WHAT YOU ARE ASKED TO DO — After finding the line that holds "R&B | Kapuzen-Windbreaker" below, set down that line and the rest through the final one exactly, leaving the pictures out.
[MATERIAL PROVIDED]
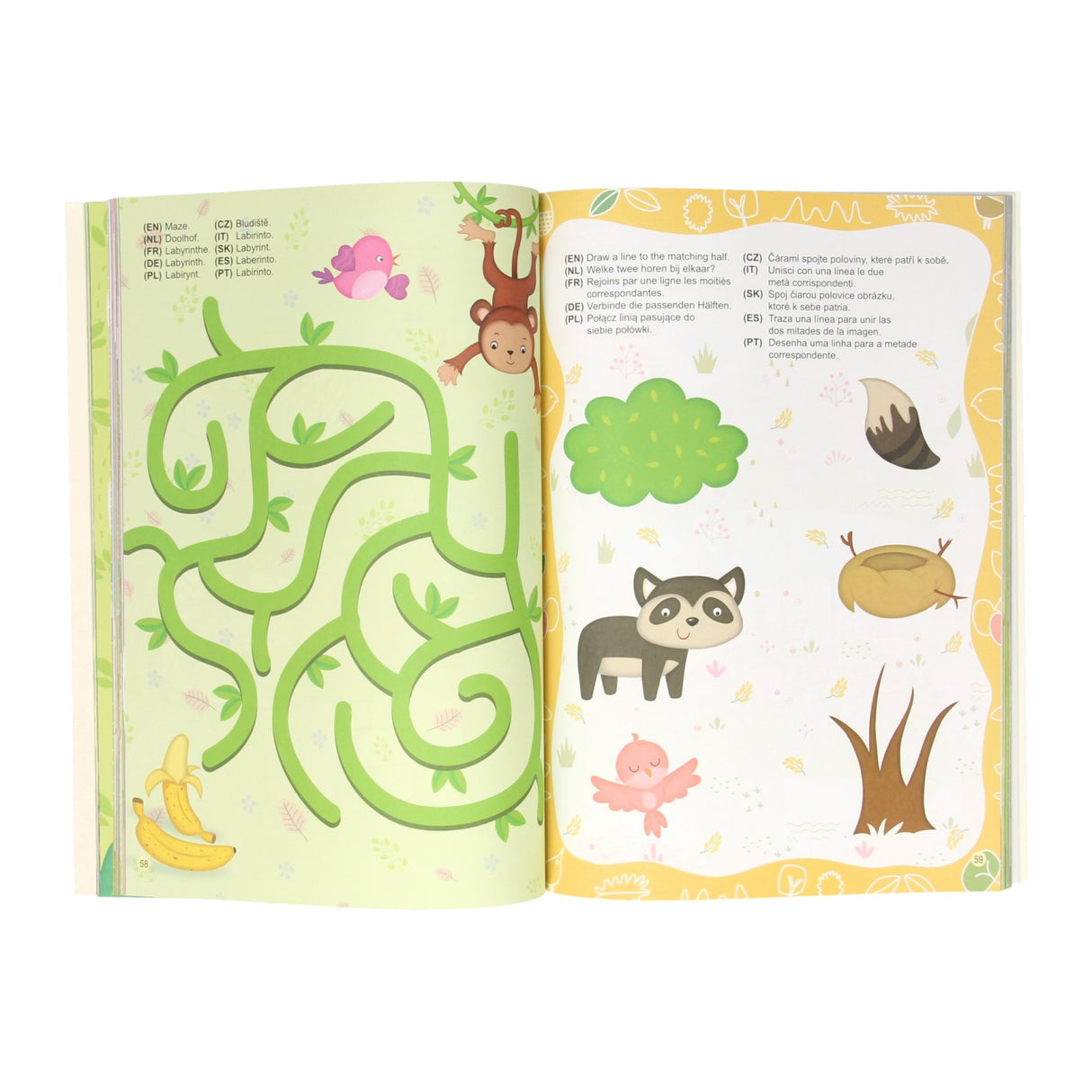 Gagne les activités de couleurs hollandais livre jungle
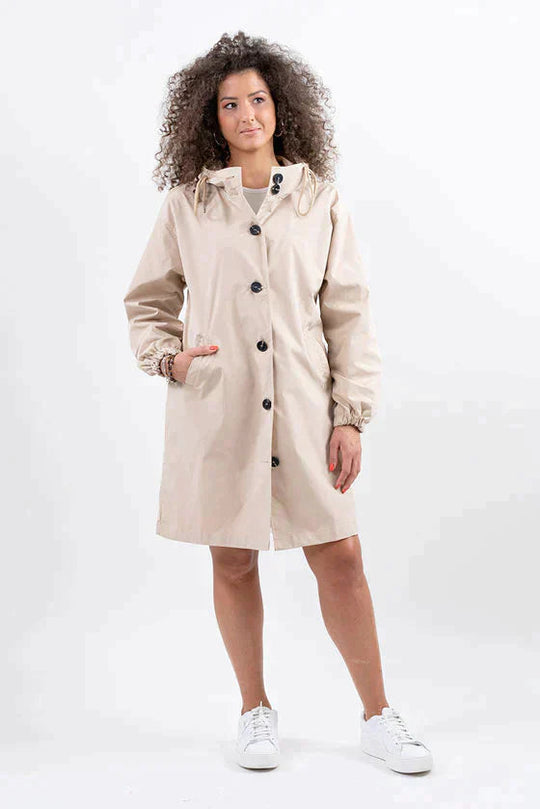 R&B | Kapuzen-Windbreaker Übergroße Regenjacke Für Frauen Ideal für Outdoor-Aktivitäten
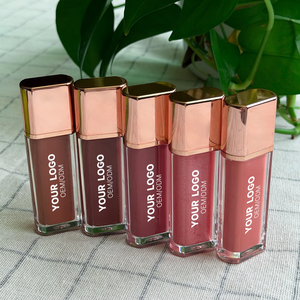 หลอดลิปกลอสทรงสี่เหลี่ยมสีโรสโกลด์ |   ลิปสติกเนื้อลิควิดสีน้ำตาลนู้ด รับผลิตแบบ OEM แบรนด์ส่วนตัว |   ให้ค<span class=keywords><strong>วา</strong></span>มชุ่มชื้น ติดทนนาน ฉ่ำวาว - Product Image 6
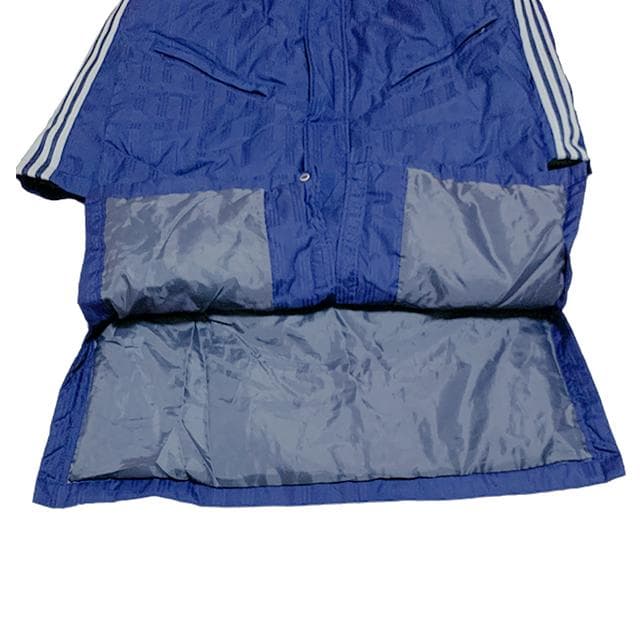 美品✨adidas ベンチコート ネイビー M 刺繍ロゴ ダウン フェザー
[/MATERIAL PROVIDED]
SOLUTION —
 R&B | Kapuzen-Windbreaker Übergroße Regenjacke Für Frauen Ideal für Outdoor-Aktivitäten
 หลอดลิปกลอสทรงสี่เหลี่ยมสีโรสโกลด์ |   ลิปสติกเนื้อลิควิดสีน้ำตาลนู้ด รับผลิตแบบ OEM แบรนด์ส่วนตัว |   ให้ค<span class=keywords><strong>วา</strong></span>มชุ่มชื้น ติดทนนาน ฉ่ำวาว - Product Image 6
 美品✨adidas ベンチコート ネイビー M 刺繍ロゴ ダウン フェザー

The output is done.